If you have been following this series, you might be wondering, how else we can find the root cause? We went through a list of objections or myths which we dispelled. We looked at the available research and identified the inability to cost justify, and the lack of staff and skills as possible reasons.
The last approach to uncover the root cause is simply to talk to people going through this process and try to understand the experience. We have worked with managers, administrators, and executives who are going through this process and can identify some common denominators.
A small number, perhaps 15%, are excited by the prospect of making an investment that will help the company increase productivity, lower costs, and increase the value-added portion of their revenue. Another 15% are scared about making a misstep and doing something that hurts the company.
The remaining 70% talk about the same things we discussed in the last two articles. They will list the obstacles or myths described in the first article and the lack of skilled staff and inability to cost justify. The key is not what they say – it's how they say it.
When asked what is motivating these thoughts, they talk skeptically. They talk about how they were promised these same advantages with the last purchase or an investment last year. They may talk about how they are promised these advantages with every investment. The reason they are skeptical is because no one ever provided proof that any of these investments increased productivity, reduced costs, or eliminated waste. In other words, they are skeptical because they have reason to be skeptical.
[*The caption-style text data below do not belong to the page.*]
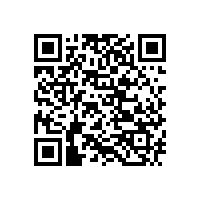 驚！一輛潔博士路面清掃機，惹得員工搶著(zhù)干活？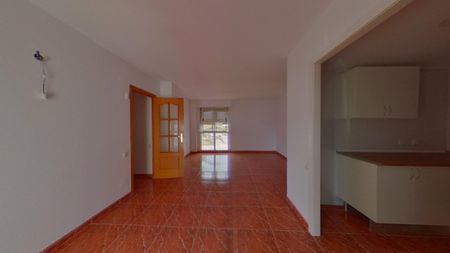 Piso en alquiler, C/ Montevideo , , M161058 - Photo 5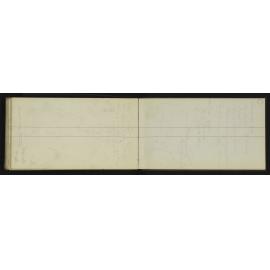 WN_2879-0058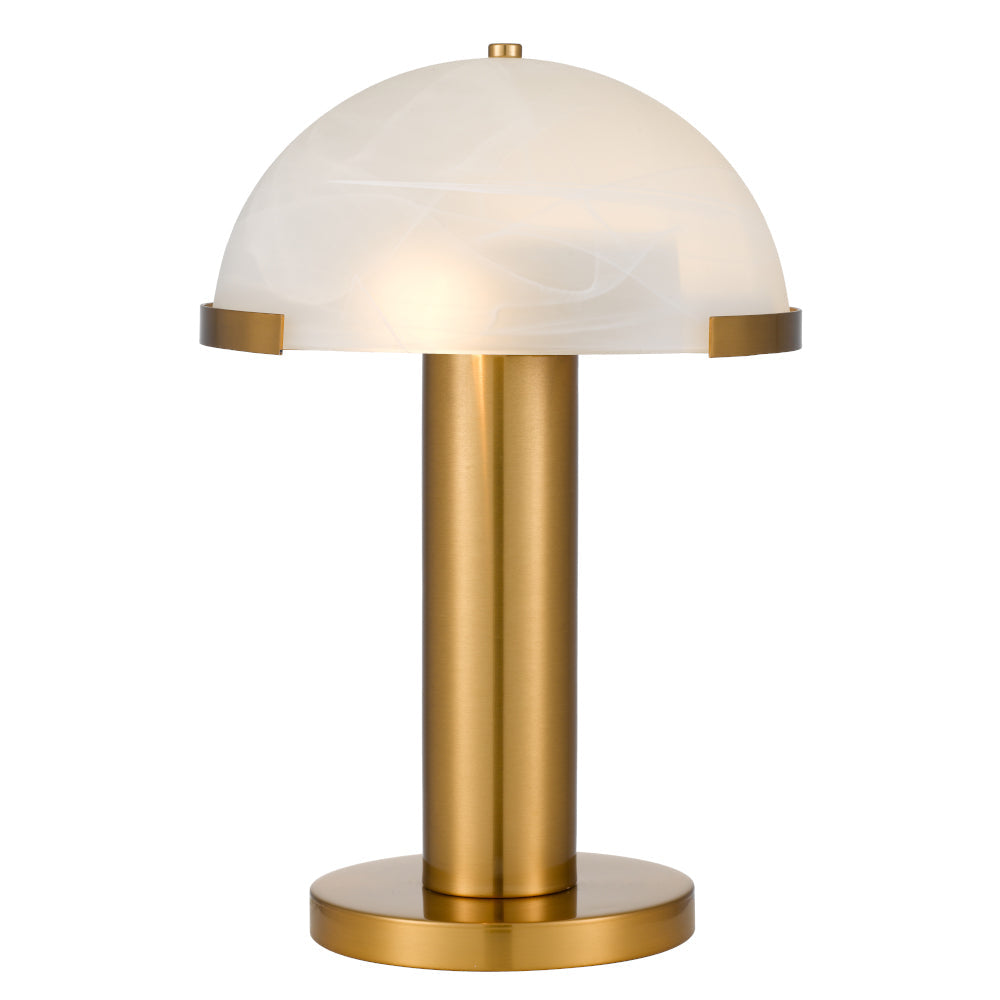 Telbix AUGUSTIN Table Lamp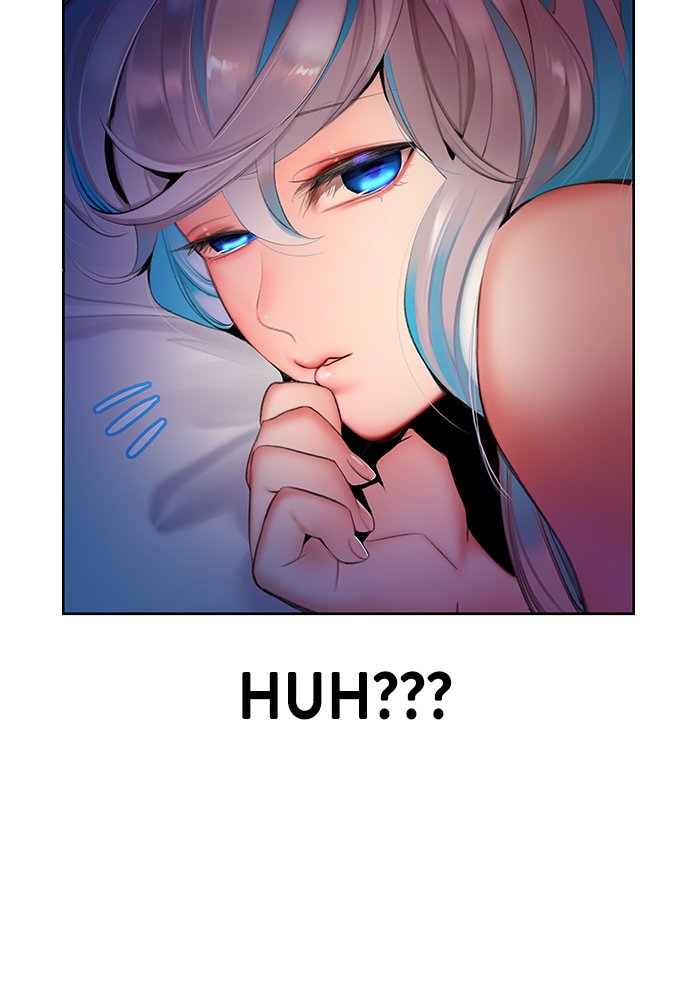 Jungle Juice Manhwa - Chapter 19 Page 134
Howie on the Root Cause of Reluctance to Invest
I believe the real reason companies are reluctant to invest in workflow automation is because the people that approve those purchases (C-level and executives) are jaded. For years, they have heard claims about how each of these hardware and software investments will make things better, but they have not seen any proof. Maybe they see reports of the number of pages printed each month, but that is not evidence that an investment improved productivity.
As a result, these managers, administrators, and executives are skeptical about past claims as well as these new claims.
If this is the case, then managers need to identify metrics that show these investments are improving performance such as faster time to manufacture, reduced expenses, better quality, etc. Traditional metrics and benchmarks include:
- On-time delivery
- Sales per employee
- Rework as percentage of sales
- Average cycle time
Some of the next generation metrics we are testing include:
- Manufacturing cost/piece
- Competitive pricing ratio (% products competitive vs. external bids)
- First-time correctness ratio
- Average time to complete order entry
- Average time to complete preflight
- Pages printed/pages sold
RSA has developed resources to aid in the development of business cases and documenting and measuring improved business metrics, including dashboard reports in their WebCRD product that include metrics such as SLA performance and number of touches.
It does not matter if you use a traditional metric, a next generation benchmark, or a customized measurement, what matters is that you demonstrate that the investment actually improved performance. If your production facility is like most of the companies we work with, there has been a lack of documented improvements for years which means that it may take a while to overcome your boss's well-deserved skepticism. The good news is that once you succeed in proving that your investment increased productivity it will be much easier the next time you decide to make a change.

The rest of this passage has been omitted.